How much compensation will I get for a mis-sold annuity?

You may have spotted in the press the latest industry ‘scandal’ around potential mis-sales of annuities. I say mis-sales rather than mis-advice as it appears much of the problem was around poor information and self serving bum steers given to customers purchasing an annuity on a non-advised basis rather than via professional advisers. Insurance and pensions companies are the focus of attention. For those of you who think they may have been mis-sold an annuity you might wonder how much compensation you might get.

The FCA have asked a number of pension providers to go back and review files as far back as 2008. However, if you feel you were mis-sold there’s nothing stopping you from raising a complaint regardless of the timing or nature of the issue.

If your complaint is valid how will you be compensated? Given the fixed nature of an annuity it’s impossible to unpick it, and the Government has just put a stop to any second hand annuity market.

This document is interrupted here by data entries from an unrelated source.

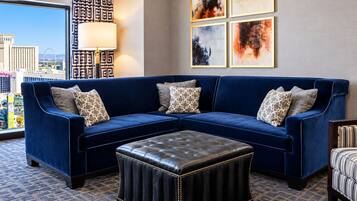A blue sectional sofa with patterned cushions, a leather ottoman, and a view of a cityscape through a large window.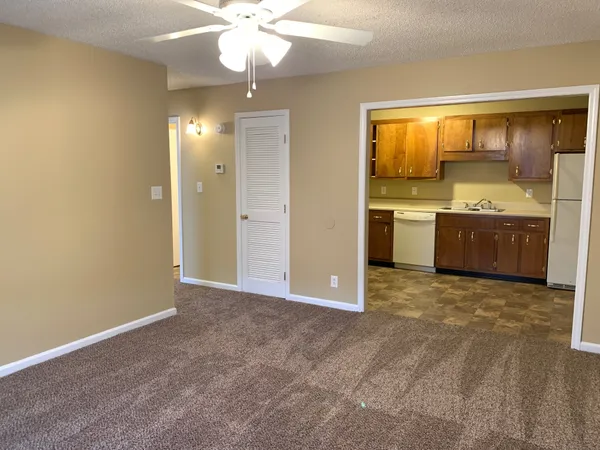 a view of a kitchen with a stove cabinets and a wooden floor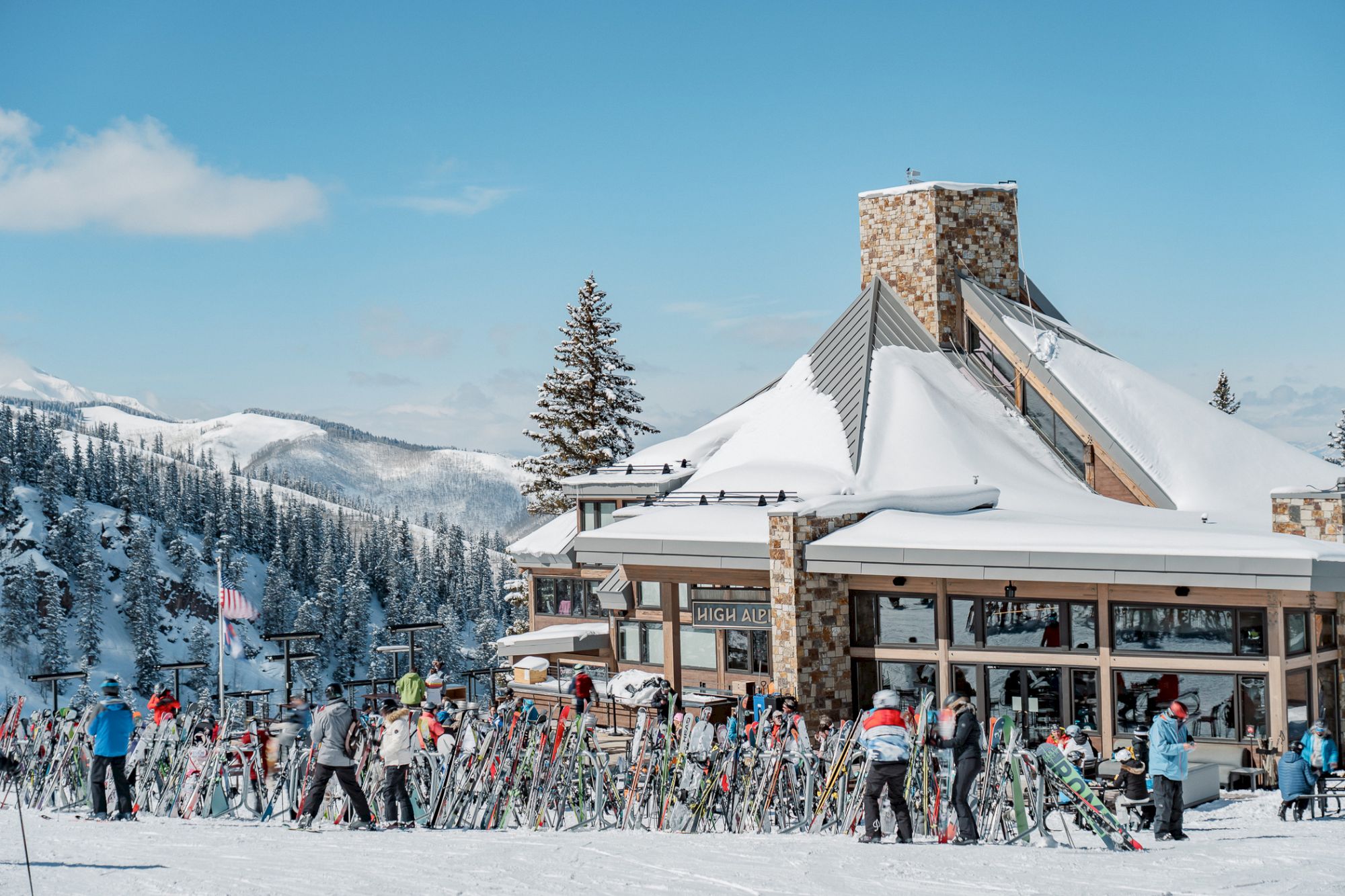 The image shows a winter ski resort with snow-covered mountains, a lodge, and people enjoying skiing and snow activities.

There are precedent for those prepared to work through past Financial Ombudsman decision relating to annuity sales. Here are a couple which will give you an idea of how compensation is calculated.

Decision 1 – this followed the death of the annuity holder where no provision for the spouse was made. As the annuity died with the annuitant the firm in this case was liable for the full purchase price of an annuity that the complainant wished to have been set up plus compensation for missed payments, plus appropriate interest.

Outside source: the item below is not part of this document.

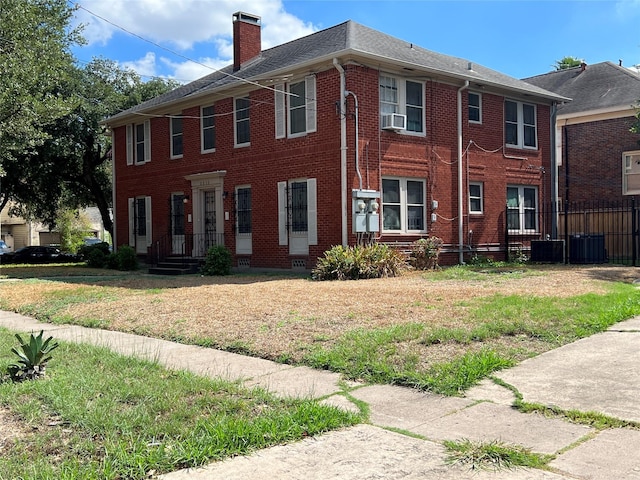 4905 Jackson St, Houston, TX 77004 - view of front of property featuring a chimney, brick siding, and cooling unit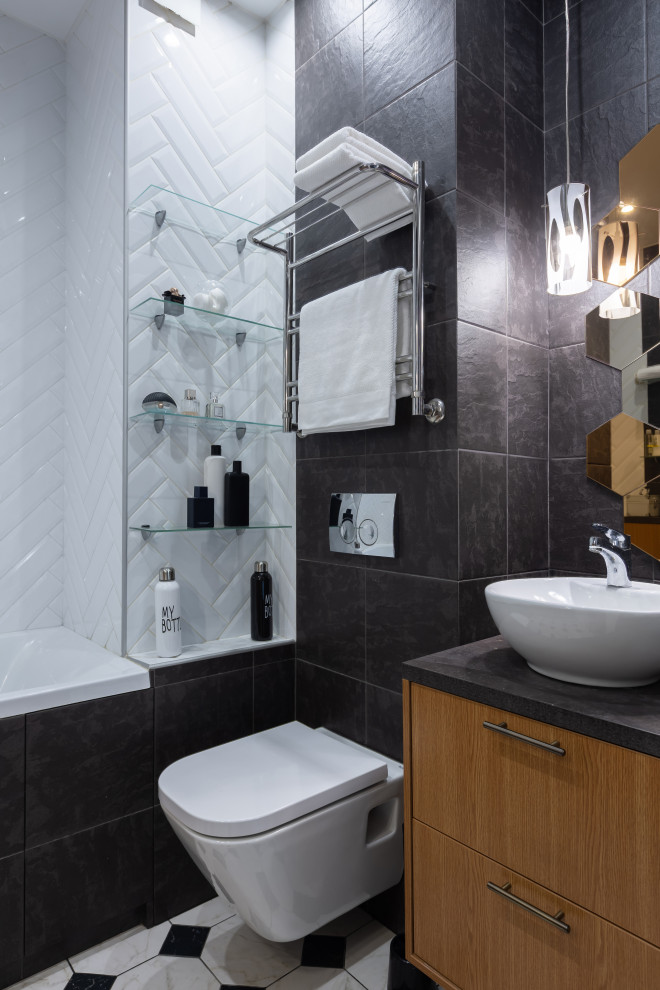 Idéer för att renovera ett mellanstort funkis svart svart badrum med dusch, med släta luckor, skåp i mellenmörkt trä, ett platsbyggt badkar, en dusch/badkar-kombination, en vägghängd toalettstol, svart kakel, ett fristående handfat och flerfärgat golv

You can read the full judgement at http://www.ombudsman-decisions.org.uk/viewPDF.aspx?FileID=57249

The summing up:

“My final decision is that I uphold Mrs G’s complaint. I order The Wright Financial Consultancy (WFC) to arrange and pay compensation to Mrs G as follows:

We have established from the annuity provider that they would have provided to Mr and Mrs G for a joint life non-escalating annuity payable without reduction on Mr G’s death and without guarantee based on the annuity rates prevailing on 17 February 2009, the date of the final illustration which established the annuity currently being paid. The annuity would have been £6,895.92 (gross) per year or £574.66 (gross) per month.

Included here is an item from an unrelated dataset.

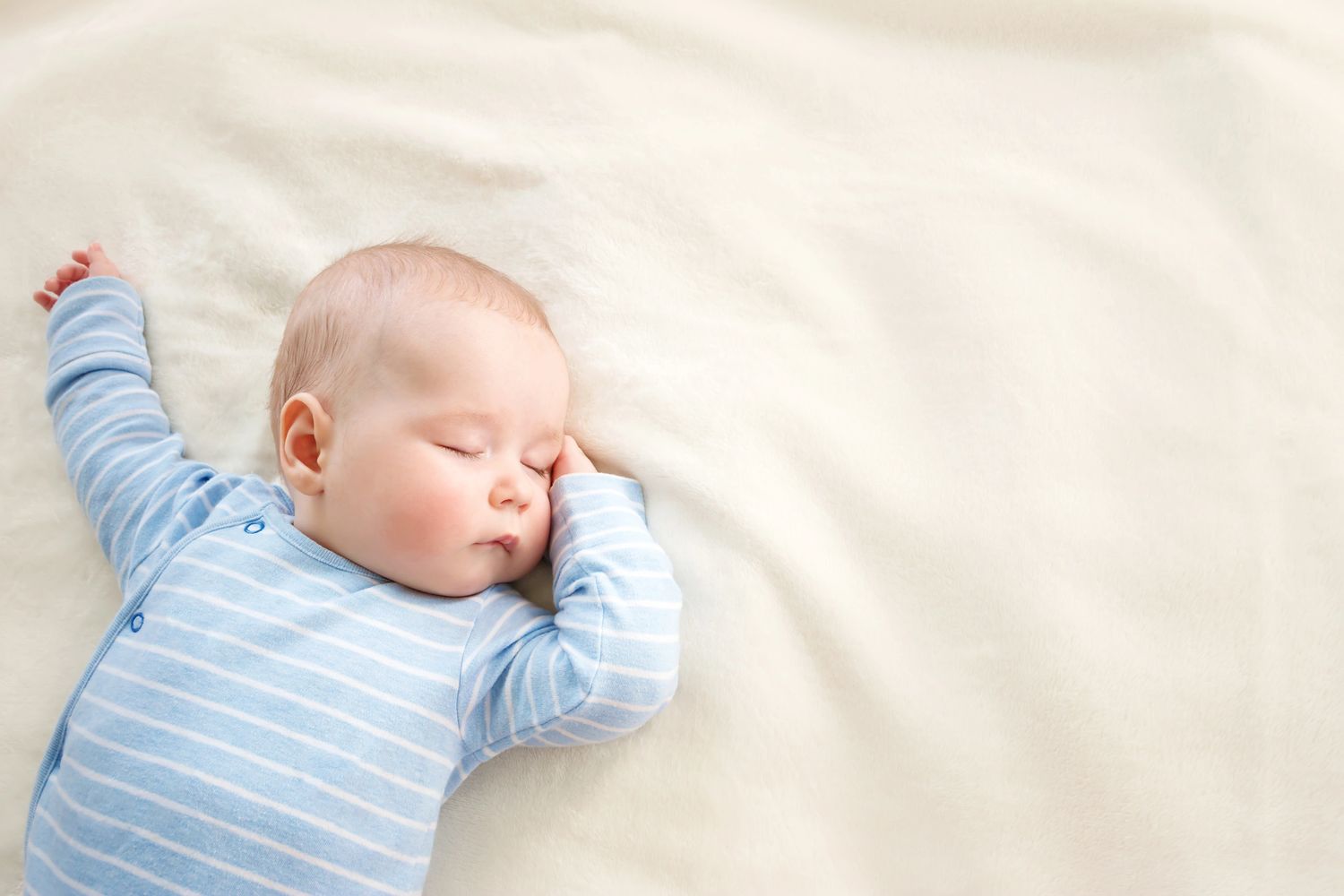 Sleeping baby in a blue striped onesie on a soft white blanket.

We have established that the cost of purchasing an annuity of £6,895.92 per annum for Mrs G from the same provider as 1. where the annuity is, payable monthly in advance without escalation or guarantee, would be £70,155. I order that, in full and final settlement of the complaint, WFC pay Mrs G compensation of A + B + C, where: A =£70,155 being the cost of the annuity described in 2. above. B =The value of missed income payments from the last annuity payment on 23 December 2013 to the date of payment of the redress, calculated daily, on the revised joint life annuity basis. C = Interest on the missed payment at 8% per annum simple calculated from the date each payment fell due to the date of settlement. In addition, I order that WFC pay Mrs G compensation of £400 for the distress and inconvenience caused through the loss of a significant proportion of her income and for the time taken in resolving the complaint.”

Decision 2 – where an enhanced rate was not advised on the instruction is for the firm to fund a PLA to bridge the gap between what was effected and what could or should have been effected (to represent future loss) and an additional payment plus interest to account for past loss based on the findings.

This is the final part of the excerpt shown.